Las puertas cerradas y los espacios reducidos del edificio le daban ventaja a Elena. Solo tardó unos minutos en acabar con la banda.
Afuera lloviznaba y el olor a sangre en el aire era mucho más fuerte que cuando había llegado.
Elena esperó en el vestíbulo, con la mano flojamente agarrada a la pistola. Un silencio incómodo se apoderó del espacio. Las dos mujeres a las que acababa de liberar se arrastraron hacia delante, con movimientos rígidos e inseguros. Acurrucadas juntas, miraron a Elena con los ojos muy abiertos y llenos de lágrimas.
«Gracias», logró susurrar una de ellas con voz temblorosa.
Una calma fría y peligrosa irradiaba de Elena, y las mujeres instintivamente mantuvieron la distancia. Su voz era gélida. «Marchaos ahora. No digáis nada sobre lo de hoy. Ni una palabra a nadie».
Sin dudarlo, las mujeres asintieron y se apresuraron hacia la salida, con el alivio reflejado en sus rostros al dejar atrás el peligro.
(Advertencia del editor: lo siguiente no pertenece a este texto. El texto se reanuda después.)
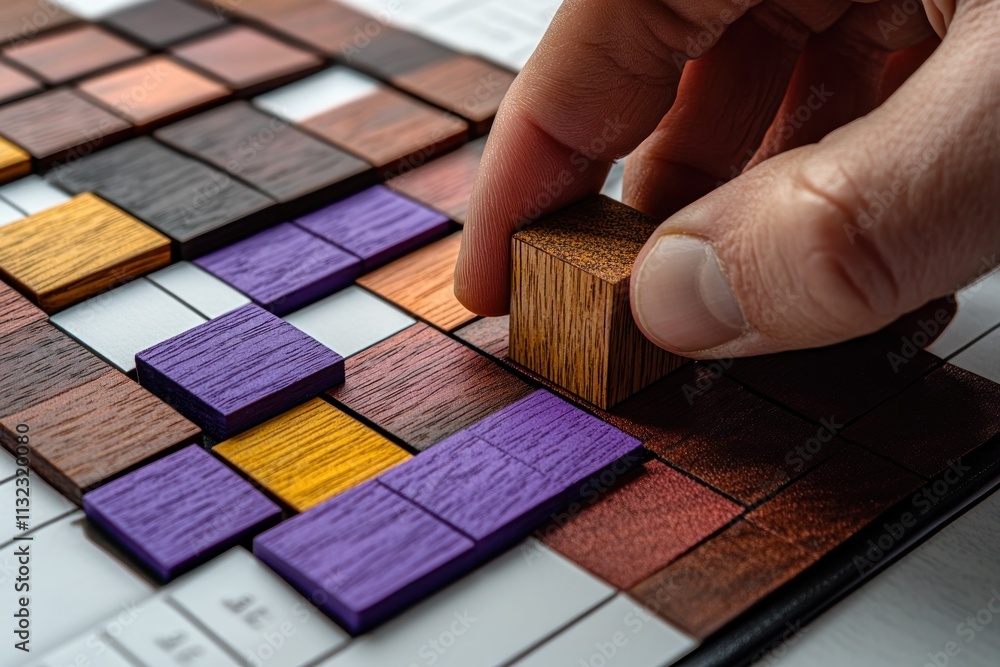 Poster Hand placing wooden block on color-coded game board.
Elena salió y enseguida vio a Wesley apoyado casualmente junto a la entrada. Sostenía un cigarrillo con indiferencia, con el rostro impenetrable. El humo se elevaba en volutas, proyectando sombras cambiantes sobre sus rasgos.
Se detuvo y lo miró a los ojos sin apartar la vista.
En silencio, Wesley tiró el cigarrillo al suelo y se acercó a ella.
No intercambiaron ni una sola palabra.